The third film in my review series of movies nominated for Best Picture, Moneyball is really the first one I think was worth of the nomination. Oh I know that there are some out there saying, 'Oh sure, he likes the SPORTS movie!' But this is the first movie I thought had it all as a film. It was well-cast, had a great story and was well-acted. I am sure several of the films I have left to review will score in all these areas, but Moneyball is the first so far.
Adapted from Michael Lewis's 2003 book, the movie stars Brad Pitt as Billy Beane, the General Manager of the Oakland A's, whose use of new statistical analysis tools transformed baseball in the first years of this century. Doesn't sound like much of a movie in that description, which is probably why it took three writers, three directors and 7 years to get the production off the ground.
Ultimately, Aaron Sorkin, of 'The West Wing' and 'A Few Good Men' fame, penned the final draft of the screenplay and turned this into a story of the little guy fighting against the mega-franchises of Major League Baseball. Beane is liberated from being a numbers-obsessed geek by Jonah Hill's quiet, excellent portrayal of Beane's protege, Peter Brand. Sorkin adds a depth to Beane that I have never felt in his interviews or in the book, showing him to be a caring father, doting mentor and person of great conviction.
The father angle is ultimately important because it gives the film some chance at a Hollywood ending. Based (at times loosely) on the 2002 A's season, there is no real life parade at the end of the story.

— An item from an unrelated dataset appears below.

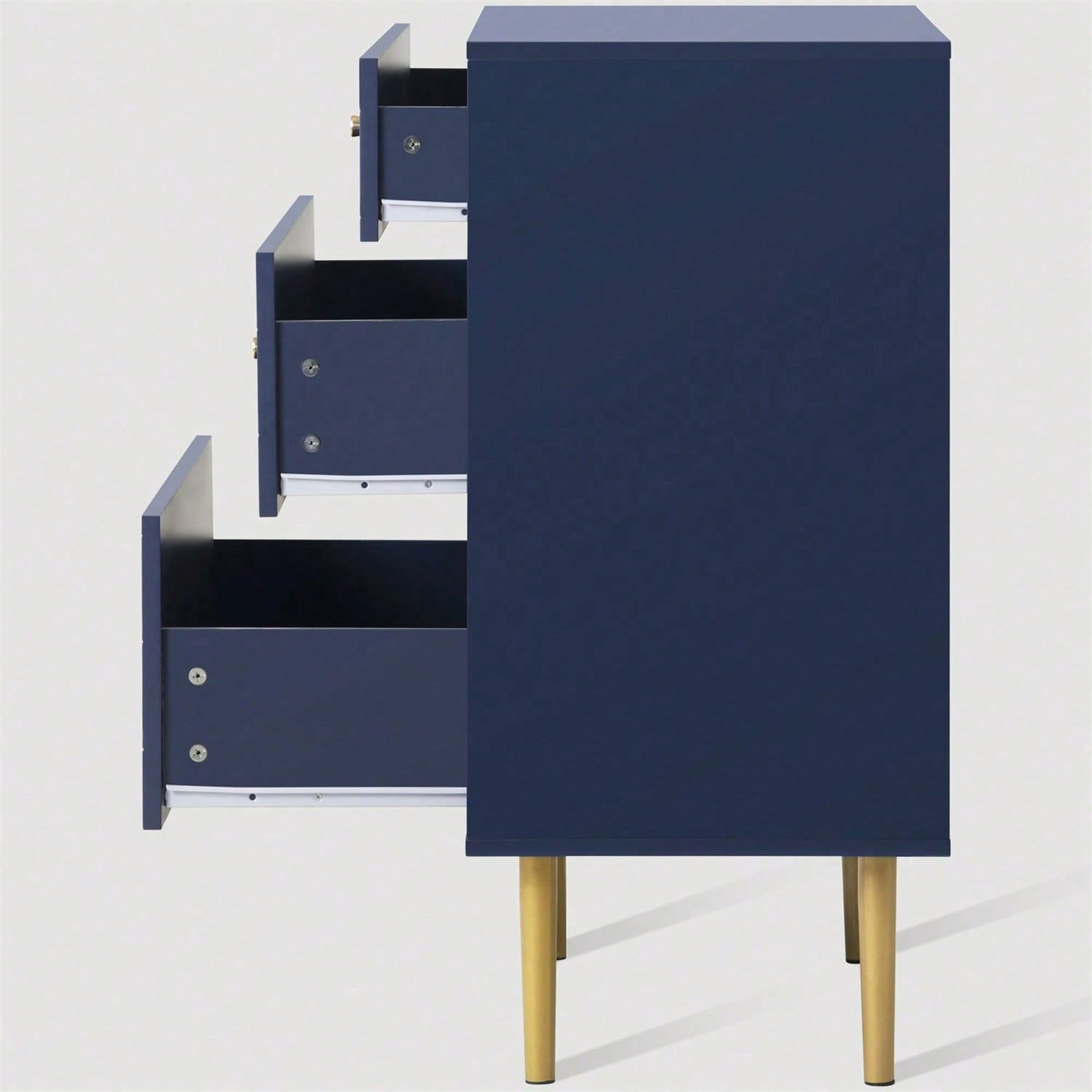 Schubladenkommode Kommode mit 3 Schubladen, Sideboard Highboard für Schlafzimmer & alle Wohnräume,Marineblau-H89/B75/T40 cm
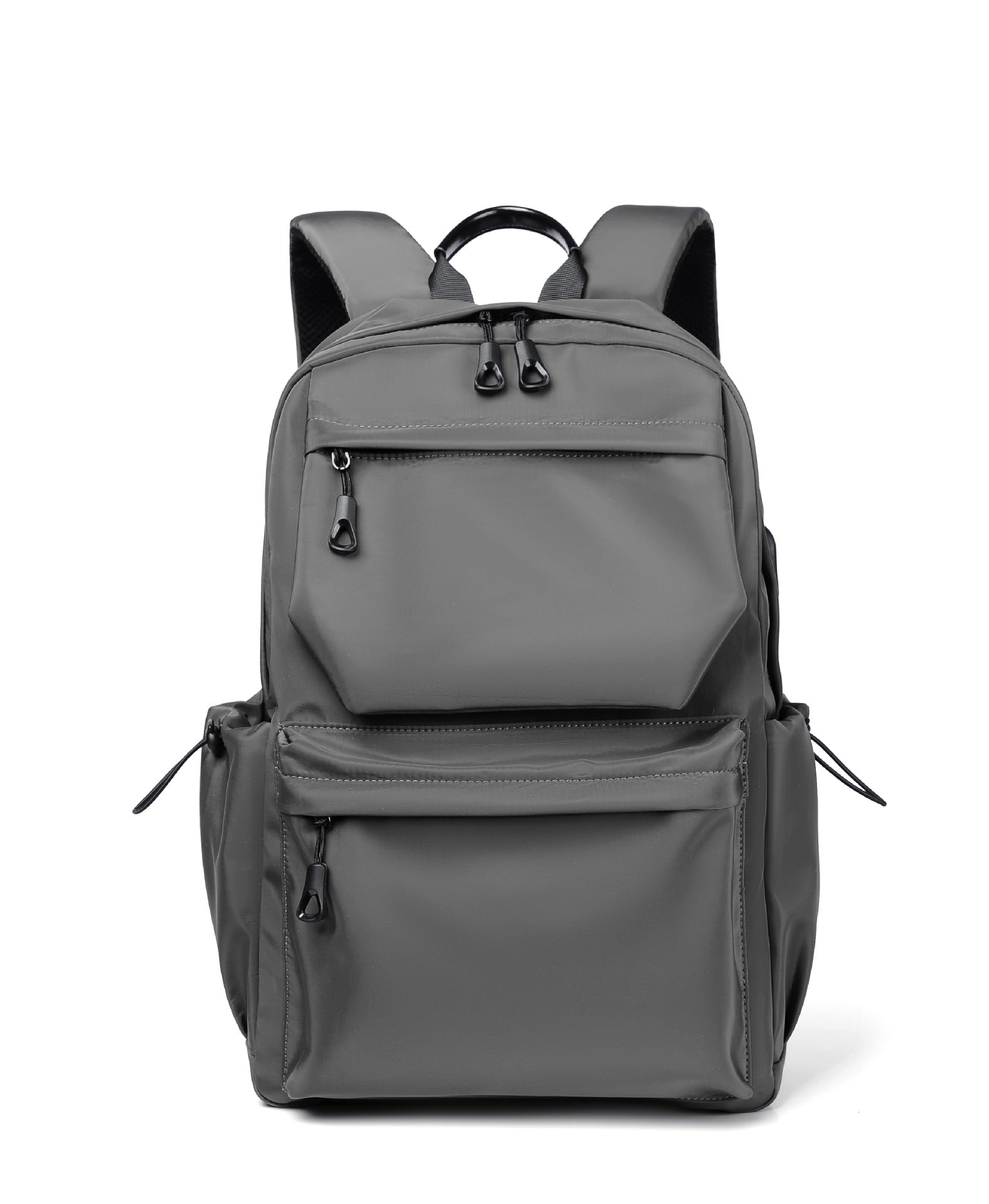 Mochila hombre impermeable negra 20-35L Varon Urbano vista frontal fondo blanco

The A's, while successful, did not achieve baseball's Holy Grail. In fact, Beane is still waiting for his World Series trophy. For Beane to have a human, rather than professional, reason to remain in Oakland at the end of the film makes all the difference.
I'm no Brad Pitt fan, but I have to admit he is perfect as Beane, the former MLB washout turned sabermetric GM. He's got the loose-limbed, easy manner of a ball player and the casual intensity of a sports executive nailed in the 133 minute film. The rest of the cast is solid as well. Phillip Seymour Hoffman is excellent as usual as Beane's foil, crusty manager Art Howe. Jonah Hill's portrayal of a composite character is perfect and 'Parks and Recreation's' Chris Pratt is credible playing a big-leaguer, something numerous others have failed at.
Moneyball is not a perfect movie. There have been more than a few criticisms of the factual leaps the film takes. I will chalk that up to poetic license. The movie also lacks visual appeal at times. There are a lot of concrete hallways and meeting rooms. The baseball scenes are pretty pedestrian stuff. I know it's a true story guys, but it's not a documentary. We don't need to see the actual stretch of barren hallway where the deal got done. You could film it at a beach side restaurant!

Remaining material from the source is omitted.